Lo Unwto (United Nation World Tourism Organization) parla di un crollo mondiale del turismo del 70%. La domanda principale è come affrontare questa crisi. Lo Iata (International Aviation) stima che si tornerà, in termini di voli e turismo ad esso legati, all’epoca pre-Covid entro il 2024. Una stima rivedibile ma che, se aggiungiamo il tema sanitario a quello economico scatenato dalla crisi (per dirla semplice niente soldi poche vacanze, ricordate il 2009) definire una data precisa è ancora un atto quasi di fede.

Come Italia abbiamo un patrimonio che ci invidia il mondo e, cosa importante, un patrimonio che attira clienti/turisti che spendono. Bene inteso il turista mordi e fuggi che ti atterra nell’aeroporto lontanuccio così risparmia quei 5 euro fa sempre bene, ma il turista che arriva qui e spende una settimana per immergersi nell’Italian way, decisamente piace di più.

È su questo che dovremmo puntare, soprattutto come crescita di tutte quelle realtà che, pur se geograficamente e tecnologicamente più lontane dai grandi centri urbani, sempre più negli ultimi anni (2020 escluso ovvio) sono divenuti un’esperienza che all’estero è molto richiesta. Resta da capire come molte piccole realtà di qualità possono promuoversi presso gli operatori esteri (agenzie di viaggio, pr, butler di famiglie nobili).

“La domanda di italianità è cresciuta molto, come piattaforma online di turismo abbiamo rilevato una crescente domanda di esperienze, soprattutto da grandi network, clienti ricchi per semplificare” mi spiega Alessandro Mancini Ceo di Connect2Italy. La sfida adesso è accrescere la proiezione turistica.

Le fiere del turismo B2b, come il Itb di Berlino o il Bit di Milano, nel 2020 non hanno avuto luogo (il che impatta il turismo 2021). Non è sicuro che le fiere avranno luogo nel 2021. Tuttavia il sistema turistico non può limitarsi a dipendere dalle fiere di settore. È plausibile utilizzare questi mesi di ferma obbligata per investire nelle proprie risorse: aggiornando l’offerta, ristrutturando, investendo su e-commerce digitali etc. Lo conferma un Four Season di Milano che ha di recente annunciato una temporanea chiusura per aggiornare i suoi servizi e offerta.

L’opportunità digitale è un fenomeno che molti retailer hanno valorizzato in questi mesi. Per quanto di solito si faccia riferimento ai siti b2c (per utenti/consumatori) molte sono le soluzioni digitali con cui le aziende di servizi come il turismo, possono trovare clienti on line.

“Molte strutture stanno approfittando di questa pausa per partecipare con nuovi stili di promozione. Con le fiere cancellate i siti di e-commerce b2b (per soli operatori del settore nda) sono un’ottima soluzione per trovare clienti risparmiando le costose fiere di settore, che al momento sono bloccate”, mi spiega il co-founder di Connect2Italy.

Lo scenario turistico italiano nel 2021 è stimato in crescita, seppur con numeri in lenta evoluzione. Se consideriamo sia l’incoming straniero che la domanda interna “l’esperienza Italia” come confermato da Mancini, sarà la prima a riprendersi.

Alessandro Mancini ed i suoi hanno creato una sorta di Club che raccoglie il mondo in una piattaforma online, all’interno vi sono i buyers interessati a comprare esperienze e luoghi made in Italy, senza muoversi dalla propria scrivania.

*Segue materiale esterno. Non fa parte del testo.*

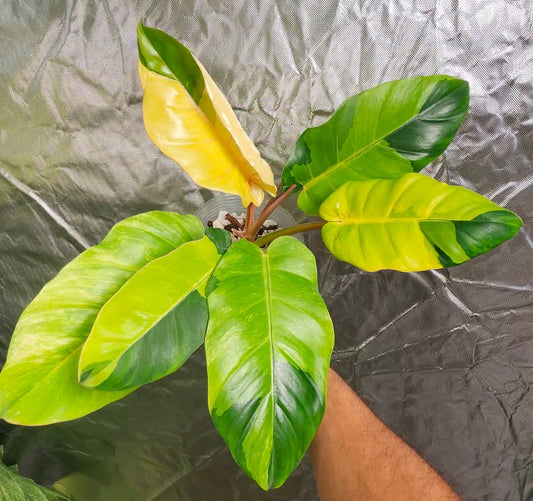 P. Jungle fever and P. Caramel Marble reserved for Jennifer Haustveit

Ovviamente molto sta alla scelta dei singoli albergatori, ristoratori e altre realtà legate al mondo esperienziale turistico italiano, di affrontare una scelta di modernizzazione sia digitale che in termini di proposizione commerciale, mirando ad una sempre maggior autenticità e qualità dell’offerta turistica.

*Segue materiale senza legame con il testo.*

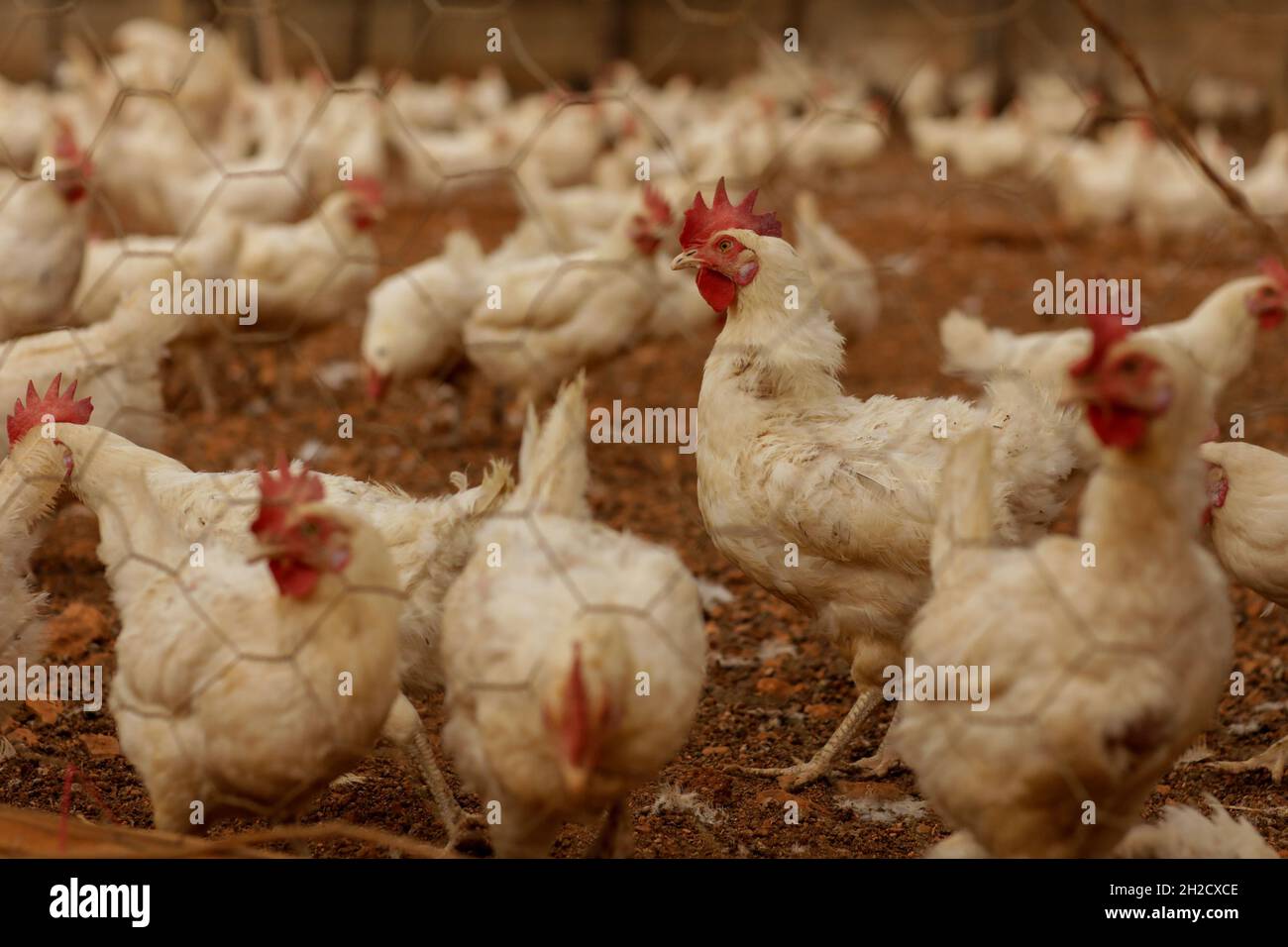 17 octobre 2021, Gaziantep, Anatolie, Turquie : Gaziantep,Turquie.19 octobre 2021.Poules dans les fermes œGrand dans la ville de Gaziantep, dans le sud de la Turquie.La ferme reproduit du poulet ainsi que des moutons et des chèvres et produit un grand nombre d'oeufs à l'aire libre.Il cultive également des champignons et produit des fourrages pour animaux, et s'engage à protéger l'environnement et à assurer la durabilité.La ferme est un exemple d'intégration réussie des Syriens qui s'installent en Turquie après avoir fui le conflit dans leur pays d'origine (Credit image: © Muhammad ATA/IMAGESLIVE via ZUMA Press Wire) Banque D'Images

Se consideriamo che l’Enit aveva pianificato una crescita superiore ai 18 miliardi, generate dal turismo estero verso l’Italia, per il 2020, si comprende come le premesse economiche e di interesse siano presenti. Ovviamente non sarà facile, ma siamo in Italia: qui di facile non c’è mai nulla. Ma come italiani ci siamo abituati nel tempo ad affrontare ogni sfida.